How to Build an Igloo




How to Build an Igloo

In an effort to promote a new DVD compilation, NFB's Mediatheque offers free Inuit-themed screenings, and something more hands-on.

Still from the NFB's 1949 film How to Build an Igloo. Photo courtesy of the NFB.

It is perhaps as easy as building an igloo has ever been: pre-cut styrofoam blocks, some small enough to be picked up with just one hand, numbered for convenience of assembly, and the structure half-finished in advance.

Projected onto a nearby wall—presumably for support—is the National Film Board’s 1949 movie How to Build an Igloo. “Easy to build, once you know how,” the film’s director and narrator, Doug Wilkinson, says with confidence.

Since the middle of December, more than a thousand visitors to the Mediatheque—the NFB’s Toronto home, on John Street—have given this simplified igloo-building a whirl. It’s all part of Mediatheque’s ongoing promotional showcase of the films of Unikkausivut: Sharing Our Stories, a new DVD compilation of Film Board movies about the Inuit, or made by Inuit filmmakers, or both.

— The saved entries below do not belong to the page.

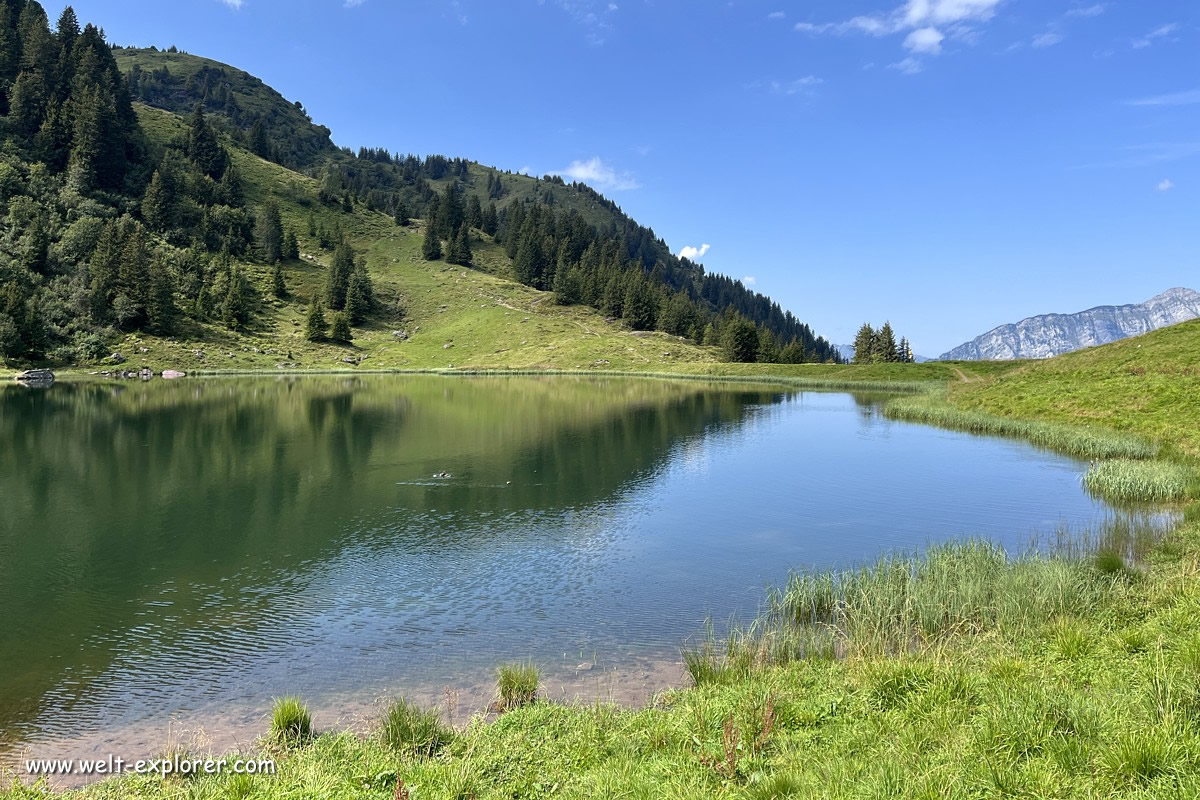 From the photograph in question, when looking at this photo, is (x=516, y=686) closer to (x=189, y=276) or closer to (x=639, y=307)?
(x=189, y=276)

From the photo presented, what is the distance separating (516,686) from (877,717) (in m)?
6.30

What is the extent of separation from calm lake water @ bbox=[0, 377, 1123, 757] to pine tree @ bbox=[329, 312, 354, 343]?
92.3m

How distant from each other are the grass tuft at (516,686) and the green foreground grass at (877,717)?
0.05 metres

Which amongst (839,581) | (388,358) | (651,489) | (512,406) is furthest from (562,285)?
(839,581)

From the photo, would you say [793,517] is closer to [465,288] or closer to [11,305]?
[11,305]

“Screenings from the box set, they’ve been screening all over the country for a couple months now,” says the NFB’s Melissa Wheeler. “So here in Toronto, what we did was we put together a selection.”

The Mediatheque’s weekly Free Favourites at Four program was devoted, this Wednesday, to films from the compilation. Thursday night’s programs, also free, will see the featured films screened in Inuktitut, with subtitles in English this week (that is, tonight), and French the next.

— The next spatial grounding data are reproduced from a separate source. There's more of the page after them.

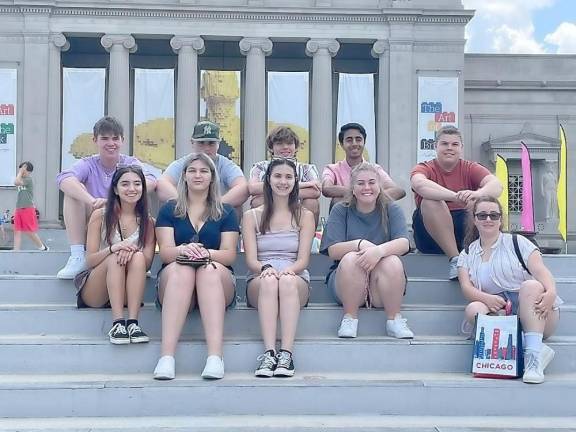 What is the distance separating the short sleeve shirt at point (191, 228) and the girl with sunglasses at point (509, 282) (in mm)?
1731

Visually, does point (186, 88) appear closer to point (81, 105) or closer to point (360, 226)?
point (81, 105)

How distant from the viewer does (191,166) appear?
507 cm

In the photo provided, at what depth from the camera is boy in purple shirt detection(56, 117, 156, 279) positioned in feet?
18.3

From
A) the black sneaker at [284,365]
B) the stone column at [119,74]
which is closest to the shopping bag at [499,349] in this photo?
the black sneaker at [284,365]

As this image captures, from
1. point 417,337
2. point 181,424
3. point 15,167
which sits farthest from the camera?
point 15,167

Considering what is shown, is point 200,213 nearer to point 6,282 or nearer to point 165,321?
point 165,321

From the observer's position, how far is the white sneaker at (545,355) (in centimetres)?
452

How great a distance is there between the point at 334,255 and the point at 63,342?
1.98 metres

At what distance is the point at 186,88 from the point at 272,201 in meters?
23.4

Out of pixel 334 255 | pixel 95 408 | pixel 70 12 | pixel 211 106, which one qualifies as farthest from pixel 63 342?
pixel 70 12

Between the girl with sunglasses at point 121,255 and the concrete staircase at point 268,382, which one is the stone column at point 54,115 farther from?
the girl with sunglasses at point 121,255

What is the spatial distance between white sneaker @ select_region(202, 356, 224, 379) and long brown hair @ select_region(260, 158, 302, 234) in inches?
44.3

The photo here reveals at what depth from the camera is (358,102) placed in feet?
A: 88.2

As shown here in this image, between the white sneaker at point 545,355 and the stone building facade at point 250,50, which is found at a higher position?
the stone building facade at point 250,50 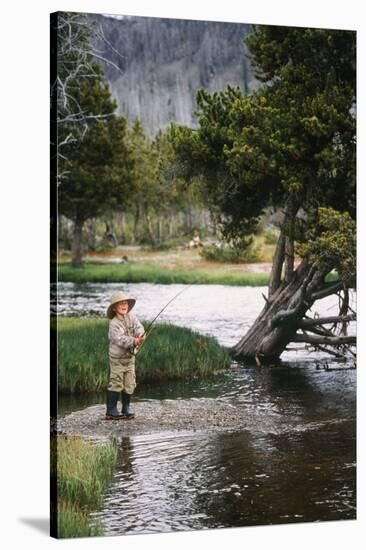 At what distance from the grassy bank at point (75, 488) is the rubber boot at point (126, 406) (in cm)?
50

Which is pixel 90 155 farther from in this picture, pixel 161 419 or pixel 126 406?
pixel 161 419

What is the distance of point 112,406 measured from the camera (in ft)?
32.0

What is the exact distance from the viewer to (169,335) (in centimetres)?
1001

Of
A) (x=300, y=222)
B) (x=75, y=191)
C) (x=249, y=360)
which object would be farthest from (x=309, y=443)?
(x=75, y=191)

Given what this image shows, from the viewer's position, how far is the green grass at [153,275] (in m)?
9.64

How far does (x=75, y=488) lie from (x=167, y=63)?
123 inches

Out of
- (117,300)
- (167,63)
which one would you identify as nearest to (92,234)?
(117,300)

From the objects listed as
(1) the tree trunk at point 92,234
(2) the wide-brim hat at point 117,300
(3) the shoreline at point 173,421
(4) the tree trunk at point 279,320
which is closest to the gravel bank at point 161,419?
(3) the shoreline at point 173,421

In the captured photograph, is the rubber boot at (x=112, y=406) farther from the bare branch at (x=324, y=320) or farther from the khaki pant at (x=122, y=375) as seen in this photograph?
the bare branch at (x=324, y=320)

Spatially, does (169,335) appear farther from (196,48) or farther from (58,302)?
(196,48)

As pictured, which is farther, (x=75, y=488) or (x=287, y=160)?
(x=287, y=160)

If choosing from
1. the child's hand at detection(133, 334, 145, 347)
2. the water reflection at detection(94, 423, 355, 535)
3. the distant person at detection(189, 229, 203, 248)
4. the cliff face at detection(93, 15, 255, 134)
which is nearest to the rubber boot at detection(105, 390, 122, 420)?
the water reflection at detection(94, 423, 355, 535)

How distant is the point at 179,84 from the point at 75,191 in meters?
1.28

“Our aim with this project is to make this collection accessible to all Canadians, but also to Inuit [specifically],” explains Julie Huguet, project manager for Unikkausivut. It is for that reason, she says, that some of the featured films were dubbed into Inuktitut over the course of the three years it took to put the collection together, a process that was made more difficult by the fact that the films originated from all four Inuit regions.

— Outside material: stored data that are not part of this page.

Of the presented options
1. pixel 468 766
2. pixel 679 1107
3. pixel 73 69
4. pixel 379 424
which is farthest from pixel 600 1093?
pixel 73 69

“You have several dialects within each region, so we had to also identify which dialect was to be used,” Huguet says.

Alysa Procida, of Toronto’s Museum of Inuit Art, appreciates this geographic diversity in the selected films. “Normally you’ll see a lot of emphasis put on Nunavut or Nunavik [in northern Quebec], which is great,” she explains. “But I was so happy to see [films] highlighting Nunatsiavut [in Labrador], and the Inuvialuit settlement region in the Northwest Territories.”

The museum, which sits in the southwest corner of Queen’s Quay Terminal, looking out at the ongoing construction of the Harbourfront Centre parking lot, is the country’s only gallery south of the Arctic to devote itself exclusively to Inuit art. Contacted by the NFB when the Film Board launched the DVD collection, the museum helped to arrange guest speakers for Thursday night’s program, and an Inuit sculpture–inspired 3D-animation workshop for children earlier in the month.

One thing this project makes clear is that the NFB has long been fascinated by the Inuit. In compiling Unikkausivut, Huguet says, there were more than 100 titles, spanning 70 years, from which to choose.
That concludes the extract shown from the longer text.